En Roma, cuando llueve, el Coliseo se refleja en los charcos de su derredor y, con un poco de fantasía, podemos volver a ver el pequeño lago que había en el lugar del anfiteatro: el lago privado de la famosa Domus Aurea de Nerón.
La gente parece volverse loca de repente, el tráfico se vuelve caótico; si un semáforo se estropea, autobuses, coches, motos se enzarzan formando un atasco pavoroso. Los vigilantes de Tráfico desaparecen como por encanto y a los automovilistas, abandonados a merced de sí mismos, les parece buena cualquier calle con tal de salir del atolladero.
Los desagües se atascan con las hojas de los árboles y las púas de pino.

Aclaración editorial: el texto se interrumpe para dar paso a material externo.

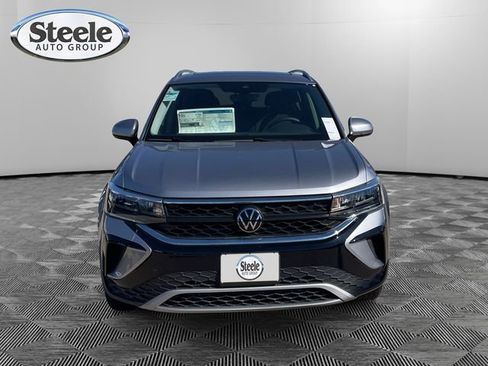 New 2024 Volkswagen Taos SE image 8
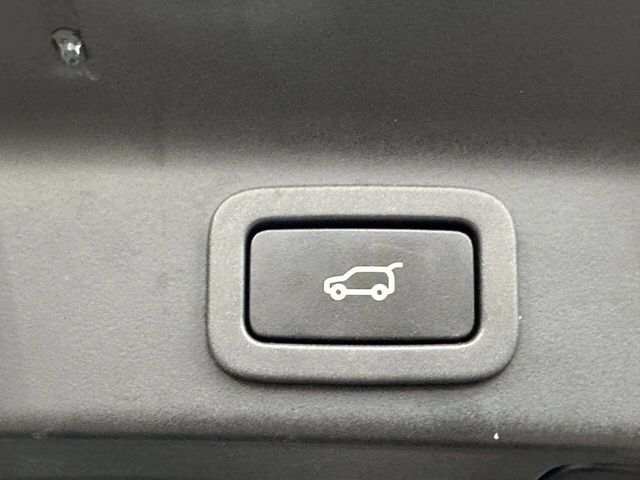 2017 Jaguar F-PACE 35t Prestige AWD - 23015329 - 13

El agua corre formando riachuelos a lo largo de las calles; muchas veces cubriendo la calle entera; los pobres peatones que esperan en la parada del autobús deben cuidarse de las motos y los coches que pasan a toda velocidad embarrando y salpicando todo lo que encuentran a su paso; y los vendedores ambulantes hacen su Agosto con los paraguas que les compran los sufridos transeúntes.
Apenas cesa la lluvia, todo vuelve a la normalidad, y el caos provocado por el agua se ve recompensado con el terso azul del cielo, en el que se destaca, nítida e imponente, la cúpula de San Pedro.
Verdaderamente, un día de lluvia en Roma es toda una experiencia.